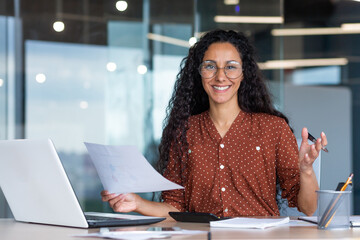 Fototapeta na wymiar Portrait of happy and successful hispanic woman, businesswoman smiling and looking at camera holding contracts and invoices, working inside office with laptop on paper work.
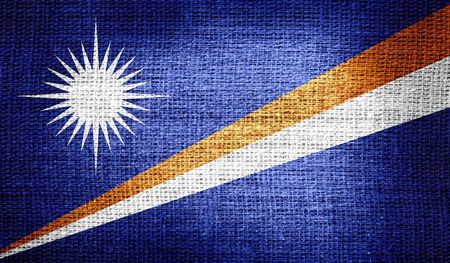 Marshall Islands flag on burlap fabricの写真素材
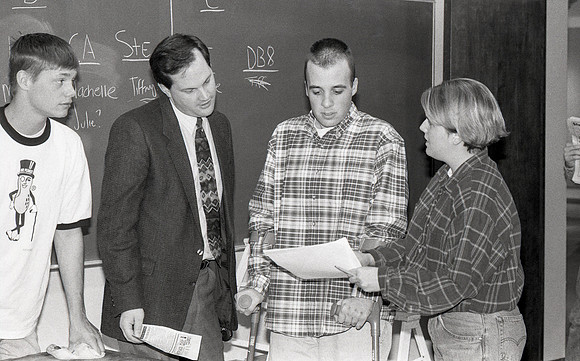 Communications students work alongside their instructor, Eric Embree.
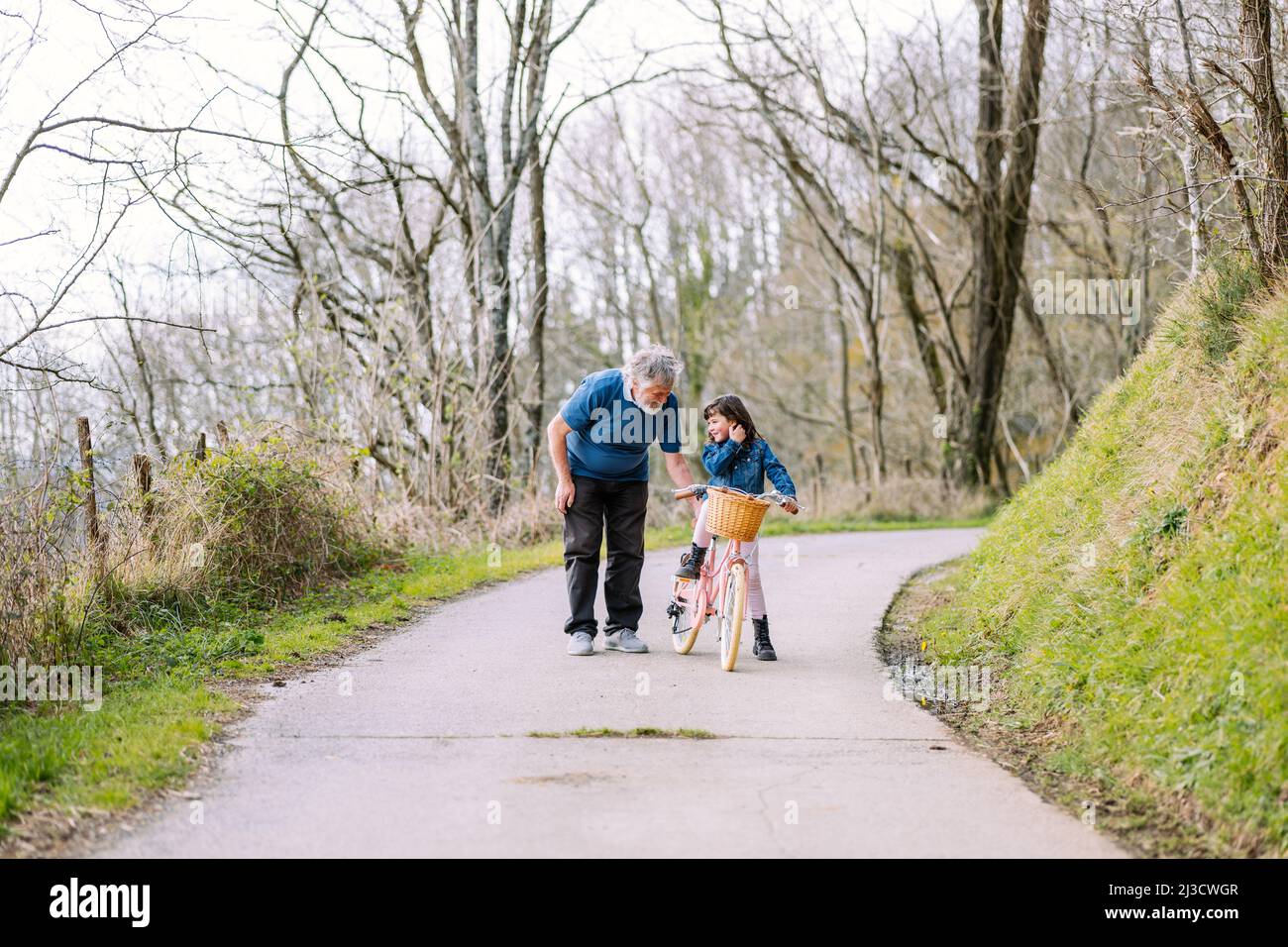 Entfernter fürsorglicher Großvater, der aktiven Enkelin hilft, Fahrrad mit Korb auf der Straße auf dem Land mit grünen Bäumen am Sommertag zu fahren Stockfoto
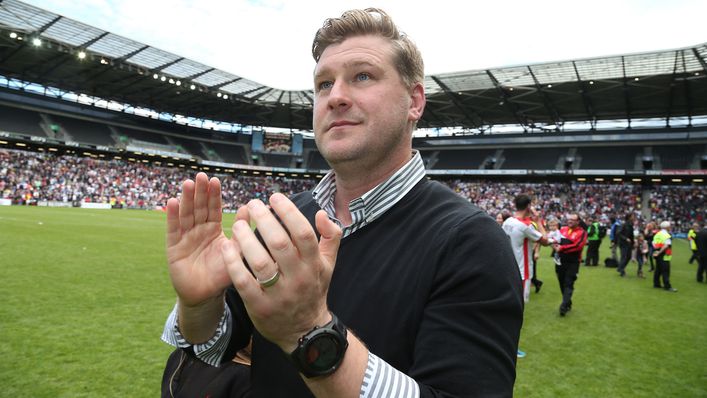 Karl Robinson guided MK Dons to the Championship in 2015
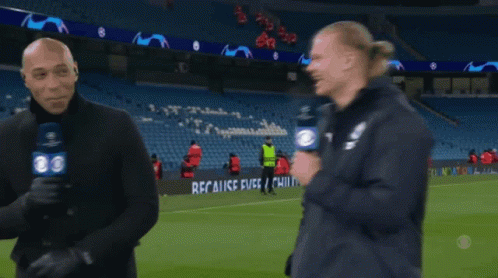 Two Men Talking on Soccer Field Saying Recalice Fuse
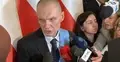 Andrzej Poczobut mówi do dziennikarzy na konferencji prasowej. W tle polskie flagi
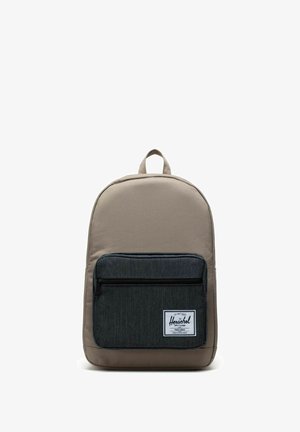 Sac à dos en tissu beige avec une poche avant gris foncé, doté d'une fermeture éclair, d'une poignée supérieure en boucle et d'un patch blanc avec le logo.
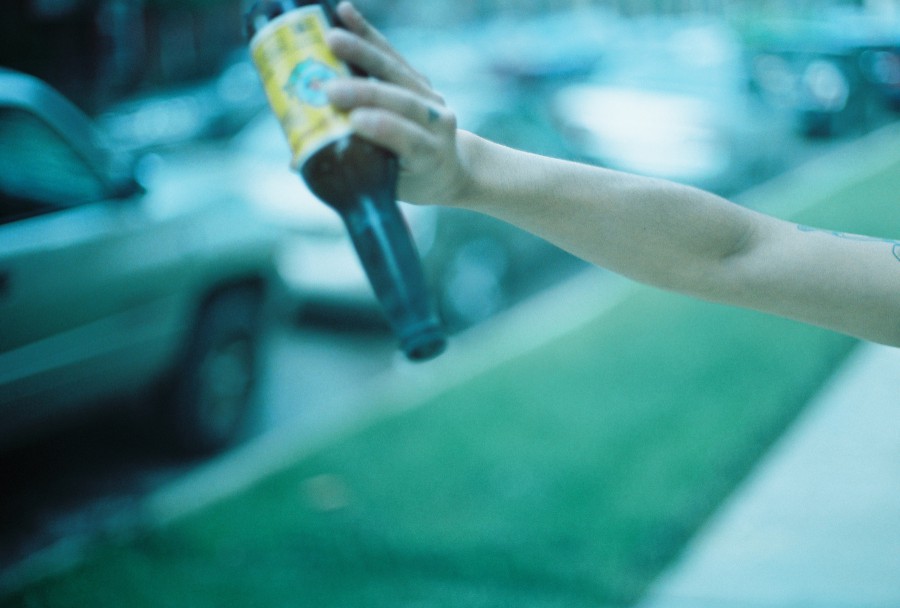 A creative close-up photo shot on 35mm film showing a single outstretched arm pouring out a glass bottle of Jarritos soda. Though the bottle appears to be pouring, it’s actually releasing smoke or ash from a recently lit firework—though the smoke itself is faint and not easily visible in the image. The background is blurred but shows grass and parked cars along a residential street. The person's skin is light-toned, and there’s a subtle tattoo on their arm. The soft focus and blue film cast give the image a dreamy, ambiguous feel—equal parts suburban mischief and filmic texture.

§ §

Task prompt:
Lines from the one containing "Karl Robinson guided" through the end of the listing, both included, are to be restated exactly, and pictures are to be left out.

Final answer:
 Karl Robinson guided MK Dons to the Championship in 2015
 Two Men Talking on Soccer Field Saying Recalice Fuse
 Andrzej Poczobut mówi do dziennikarzy na konferencji prasowej. W tle polskie flagi
 Sac à dos en tissu beige avec une poche avant gris foncé, doté d'une fermeture éclair, d'une poignée supérieure en boucle et d'un patch blanc avec le logo.
 A creative close-up photo shot on 35mm film showing a single outstretched arm pouring out a glass bottle of Jarritos soda. Though the bottle appears to be pouring, it’s actually releasing smoke or ash from a recently lit firework—though the smoke itself is faint and not easily visible in the image. The background is blurred but shows grass and parked cars along a residential street. The person's skin is light-toned, and there’s a subtle tattoo on their arm. The soft focus and blue film cast give the image a dreamy, ambiguous feel—equal parts suburban mischief and filmic texture.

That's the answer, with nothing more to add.